** Opening Data under study block **

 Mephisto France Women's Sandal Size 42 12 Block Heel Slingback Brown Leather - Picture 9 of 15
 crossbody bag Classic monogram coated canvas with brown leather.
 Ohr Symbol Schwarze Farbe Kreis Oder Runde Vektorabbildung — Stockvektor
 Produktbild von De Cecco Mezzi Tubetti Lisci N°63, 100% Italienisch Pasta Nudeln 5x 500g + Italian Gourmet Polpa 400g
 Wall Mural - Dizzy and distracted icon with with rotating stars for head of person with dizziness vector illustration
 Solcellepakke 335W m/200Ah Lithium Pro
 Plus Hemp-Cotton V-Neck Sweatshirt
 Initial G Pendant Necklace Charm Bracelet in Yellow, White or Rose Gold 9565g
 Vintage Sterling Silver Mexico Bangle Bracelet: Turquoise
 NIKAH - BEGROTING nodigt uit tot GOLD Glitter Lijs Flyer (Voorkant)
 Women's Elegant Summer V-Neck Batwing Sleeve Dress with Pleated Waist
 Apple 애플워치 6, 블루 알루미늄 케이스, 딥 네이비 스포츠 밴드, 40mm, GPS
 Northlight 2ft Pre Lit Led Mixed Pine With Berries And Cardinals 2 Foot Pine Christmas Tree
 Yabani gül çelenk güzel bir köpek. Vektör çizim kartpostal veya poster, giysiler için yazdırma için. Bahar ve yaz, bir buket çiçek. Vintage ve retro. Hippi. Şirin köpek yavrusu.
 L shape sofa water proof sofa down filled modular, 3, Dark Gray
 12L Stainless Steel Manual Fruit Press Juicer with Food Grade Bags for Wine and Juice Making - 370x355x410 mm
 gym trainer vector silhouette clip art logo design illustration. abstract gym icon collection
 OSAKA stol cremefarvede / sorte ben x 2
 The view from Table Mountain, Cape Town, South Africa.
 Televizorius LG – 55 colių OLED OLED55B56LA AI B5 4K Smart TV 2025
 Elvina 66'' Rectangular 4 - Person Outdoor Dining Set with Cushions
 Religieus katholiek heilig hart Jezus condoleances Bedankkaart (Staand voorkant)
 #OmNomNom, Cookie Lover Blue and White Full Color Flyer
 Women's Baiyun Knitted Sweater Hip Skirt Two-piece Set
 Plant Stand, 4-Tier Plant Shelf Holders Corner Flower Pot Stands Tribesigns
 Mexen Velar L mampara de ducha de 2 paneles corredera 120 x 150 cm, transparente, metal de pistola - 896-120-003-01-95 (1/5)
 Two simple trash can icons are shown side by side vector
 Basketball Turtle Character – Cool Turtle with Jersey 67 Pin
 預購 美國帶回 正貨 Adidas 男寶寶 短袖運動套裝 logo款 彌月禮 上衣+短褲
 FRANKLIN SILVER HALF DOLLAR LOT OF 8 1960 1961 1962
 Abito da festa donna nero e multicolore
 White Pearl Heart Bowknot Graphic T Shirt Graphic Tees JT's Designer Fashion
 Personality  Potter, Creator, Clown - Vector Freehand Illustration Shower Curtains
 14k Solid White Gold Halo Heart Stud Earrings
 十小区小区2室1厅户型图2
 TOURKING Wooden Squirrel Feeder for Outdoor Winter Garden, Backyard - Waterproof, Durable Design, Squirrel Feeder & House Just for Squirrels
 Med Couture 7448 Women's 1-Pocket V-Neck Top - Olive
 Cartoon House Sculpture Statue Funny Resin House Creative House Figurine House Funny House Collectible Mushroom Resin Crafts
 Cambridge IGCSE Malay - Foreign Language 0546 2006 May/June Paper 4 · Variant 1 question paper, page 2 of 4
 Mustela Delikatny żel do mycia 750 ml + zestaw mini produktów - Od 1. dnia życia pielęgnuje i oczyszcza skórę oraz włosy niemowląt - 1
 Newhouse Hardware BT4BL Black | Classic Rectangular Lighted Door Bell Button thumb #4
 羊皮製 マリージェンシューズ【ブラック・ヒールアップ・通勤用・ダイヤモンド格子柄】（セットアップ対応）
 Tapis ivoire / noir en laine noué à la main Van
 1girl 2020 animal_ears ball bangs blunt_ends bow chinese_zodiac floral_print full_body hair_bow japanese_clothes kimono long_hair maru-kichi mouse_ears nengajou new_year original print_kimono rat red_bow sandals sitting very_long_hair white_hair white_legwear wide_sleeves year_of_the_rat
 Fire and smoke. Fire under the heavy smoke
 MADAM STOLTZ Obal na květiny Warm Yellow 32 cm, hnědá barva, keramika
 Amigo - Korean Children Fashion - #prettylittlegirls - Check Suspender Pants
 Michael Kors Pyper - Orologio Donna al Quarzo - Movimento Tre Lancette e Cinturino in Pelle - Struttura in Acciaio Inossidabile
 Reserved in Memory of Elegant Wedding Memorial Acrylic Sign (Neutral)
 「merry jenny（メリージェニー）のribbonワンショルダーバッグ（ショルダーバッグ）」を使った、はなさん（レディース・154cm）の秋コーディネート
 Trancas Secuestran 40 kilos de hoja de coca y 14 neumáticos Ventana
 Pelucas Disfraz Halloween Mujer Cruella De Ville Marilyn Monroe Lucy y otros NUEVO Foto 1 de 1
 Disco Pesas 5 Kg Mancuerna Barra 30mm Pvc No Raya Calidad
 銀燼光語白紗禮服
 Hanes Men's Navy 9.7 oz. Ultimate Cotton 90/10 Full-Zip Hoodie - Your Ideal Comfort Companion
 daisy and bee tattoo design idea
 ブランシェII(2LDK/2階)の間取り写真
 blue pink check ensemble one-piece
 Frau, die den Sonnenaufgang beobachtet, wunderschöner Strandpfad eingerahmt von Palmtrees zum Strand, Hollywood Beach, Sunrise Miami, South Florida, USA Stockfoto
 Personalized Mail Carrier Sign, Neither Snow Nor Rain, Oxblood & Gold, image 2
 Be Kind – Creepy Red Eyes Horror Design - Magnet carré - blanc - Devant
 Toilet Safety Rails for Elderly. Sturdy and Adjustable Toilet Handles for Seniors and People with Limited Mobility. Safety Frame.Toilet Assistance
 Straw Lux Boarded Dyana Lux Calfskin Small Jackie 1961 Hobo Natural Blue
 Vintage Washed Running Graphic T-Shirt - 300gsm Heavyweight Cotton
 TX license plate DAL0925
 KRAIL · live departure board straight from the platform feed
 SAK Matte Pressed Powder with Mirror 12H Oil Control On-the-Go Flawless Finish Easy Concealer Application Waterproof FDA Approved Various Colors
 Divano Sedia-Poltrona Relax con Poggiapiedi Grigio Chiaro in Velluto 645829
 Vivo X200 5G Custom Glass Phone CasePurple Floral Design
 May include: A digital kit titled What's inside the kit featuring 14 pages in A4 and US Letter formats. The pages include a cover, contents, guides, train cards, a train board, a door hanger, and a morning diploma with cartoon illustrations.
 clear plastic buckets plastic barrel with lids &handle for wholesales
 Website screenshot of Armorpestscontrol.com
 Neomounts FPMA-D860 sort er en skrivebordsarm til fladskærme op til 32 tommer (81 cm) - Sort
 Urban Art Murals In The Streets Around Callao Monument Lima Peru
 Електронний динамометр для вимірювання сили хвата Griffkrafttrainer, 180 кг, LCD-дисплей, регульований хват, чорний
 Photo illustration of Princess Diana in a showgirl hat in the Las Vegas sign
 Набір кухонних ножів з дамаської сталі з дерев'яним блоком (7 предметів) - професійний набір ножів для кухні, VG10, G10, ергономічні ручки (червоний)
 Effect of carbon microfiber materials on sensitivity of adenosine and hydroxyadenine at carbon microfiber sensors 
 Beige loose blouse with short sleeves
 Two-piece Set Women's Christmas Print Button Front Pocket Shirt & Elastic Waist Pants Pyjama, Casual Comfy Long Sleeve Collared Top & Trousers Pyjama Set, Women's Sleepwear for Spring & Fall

** Closing Data under study block **

* Problem requirements *
Print, without alteration, only the lines above between the one holding "FRANKLIN SILVER HALF" and the one holding "十小区小区2室1厅户型图2", inclusive.

* Written solution *
 FRANKLIN SILVER HALF DOLLAR LOT OF 8 1960 1961 1962
 Abito da festa donna nero e multicolore
 White Pearl Heart Bowknot Graphic T Shirt Graphic Tees JT's Designer Fashion
 Personality  Potter, Creator, Clown - Vector Freehand Illustration Shower Curtains
 14k Solid White Gold Halo Heart Stud Earrings
 十小区小区2室1厅户型图2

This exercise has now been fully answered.